What to work on: Would you reproduce, word for word, only the lines running from the top of the data through the line containing "Ducati Hypermotard 1100, Motocyklista, Kask", and none of the pictures?

Entries provided:

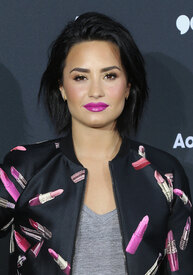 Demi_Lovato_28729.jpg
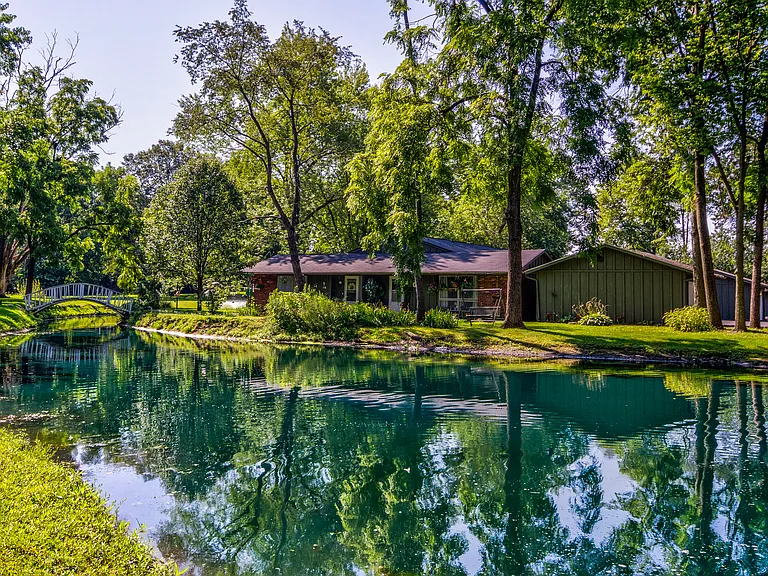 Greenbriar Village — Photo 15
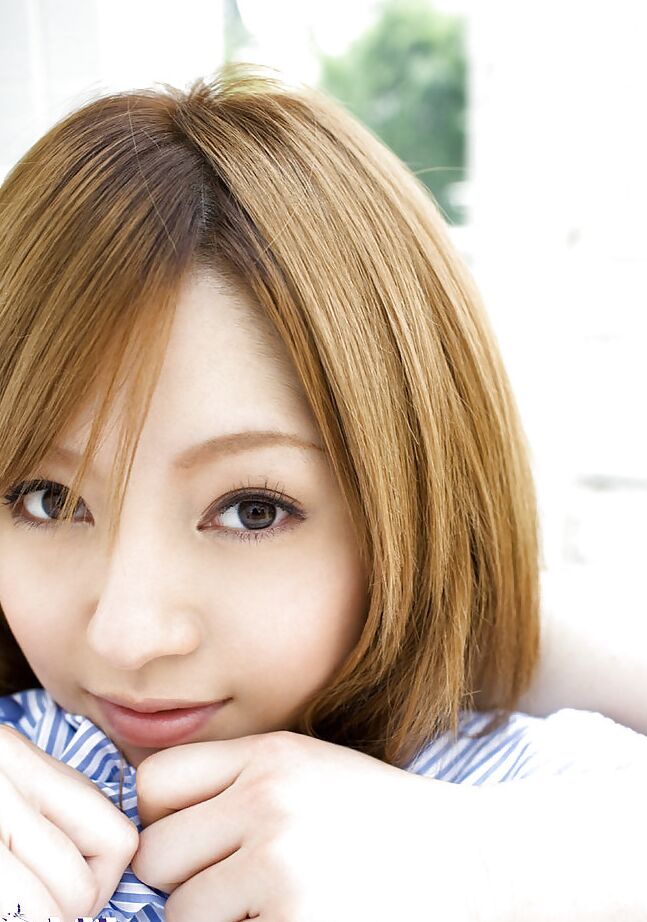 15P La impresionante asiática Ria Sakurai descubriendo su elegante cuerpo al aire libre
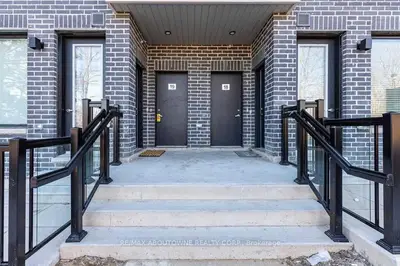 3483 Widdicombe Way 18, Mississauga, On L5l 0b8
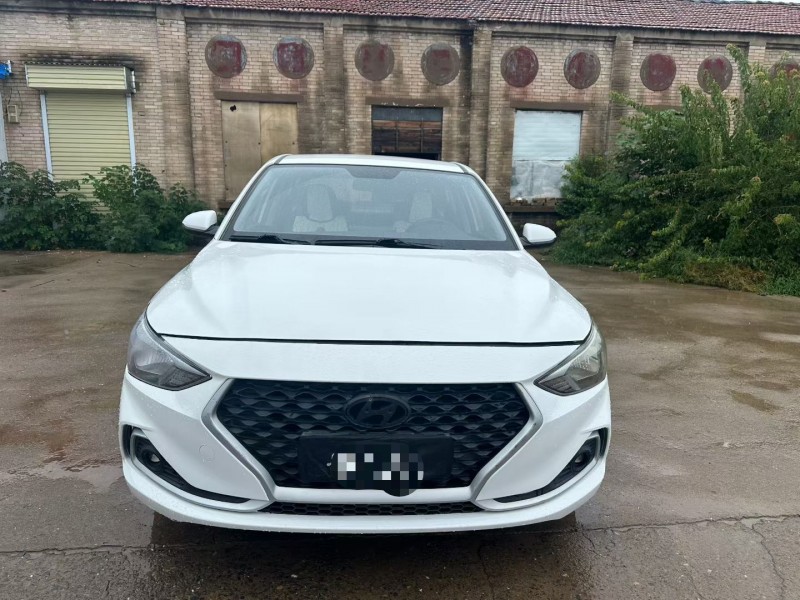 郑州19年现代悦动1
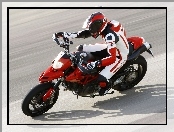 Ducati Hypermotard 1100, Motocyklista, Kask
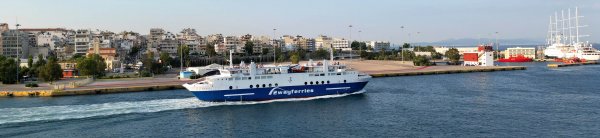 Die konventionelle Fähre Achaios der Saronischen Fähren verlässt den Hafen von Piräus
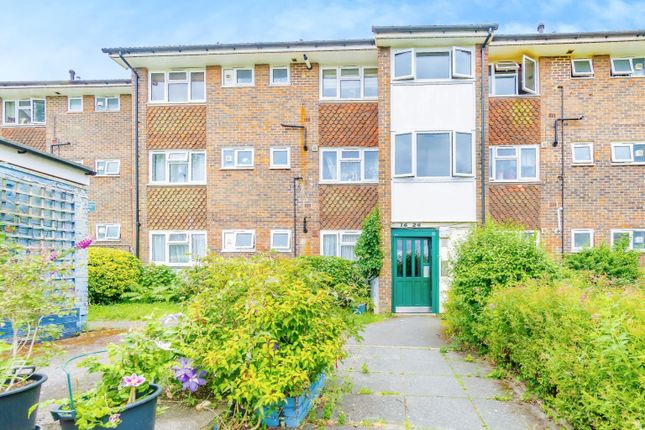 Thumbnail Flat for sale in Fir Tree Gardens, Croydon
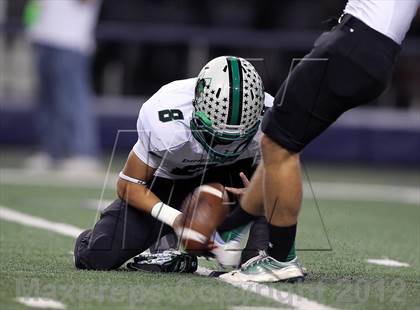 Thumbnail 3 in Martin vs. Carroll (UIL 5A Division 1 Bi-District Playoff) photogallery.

Exercise result:
 Demi_Lovato_28729.jpg
 Greenbriar Village — Photo 15
 15P La impresionante asiática Ria Sakurai descubriendo su elegante cuerpo al aire libre
 3483 Widdicombe Way 18, Mississauga, On L5l 0b8
 郑州19年现代悦动1
 Ducati Hypermotard 1100, Motocyklista, Kask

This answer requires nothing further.